Pysj makes Python development more comfortable, with utils, classes and helper
Project description
Pysj
This package contains utils, classes and helper functions I find myself reimplementing in several projects. As of now all functions are importable from the top level module.
The name is a commonly used shortened version of the Norwegian word "pysjamas" (in english: pajamas/pyjamas). Coding in your pysjamas/pajamas/pyjamas is comfortable. This package is an attempt to make Python development a bit more comfortable as well.
This is an ongoing project and so far just a few functions are implemented.
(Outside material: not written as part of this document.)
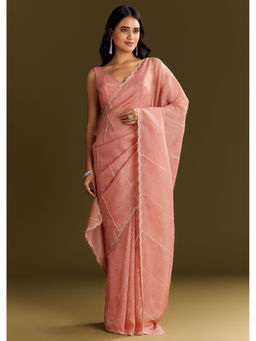 KALKI FASHION - Peach Crush Tissue Cutdana And Beads Scallop Border Saree with Unstitched Blouse
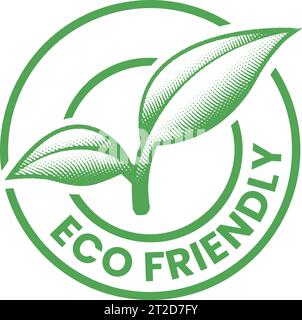 Eco Friendly Engraved Round Icon with 2 Leaves on a White Background Stock Vector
Most time have been spent on project structure, tests and packaging.
Installation
pip install pysj
Usage
Importing
# We import everything here for all of the examples
from pysj import (
md5,
sha256,
ExtendedJSONDecoder,
ExtendedJSONEncoder,
Timer,
chunk,
first,
flatten,
isotime,
moving_average,
n_wise,
paginate,
seconds,
take,
transpose
)
Extended JSON encoding / decoding
# Serializing to json with datetime objects
json.dumps(
{
"timestamp": datetime.datetime.fromisoformat("2021-12-01T04:50:00.123456")
},
cls=ExtendedJSONEncoder,
)
# and back again
json.loads('{"timestamp": "2021-12-01T04:50:00"}',
cls=ExtendedJSONDecoder,
)
Some functional stuff
Flatten
Flattens an iterable, depth first.
>>> flatten([range(10), (1,2,3), "HELLO", [[["42"]], []], ["y0l0"]])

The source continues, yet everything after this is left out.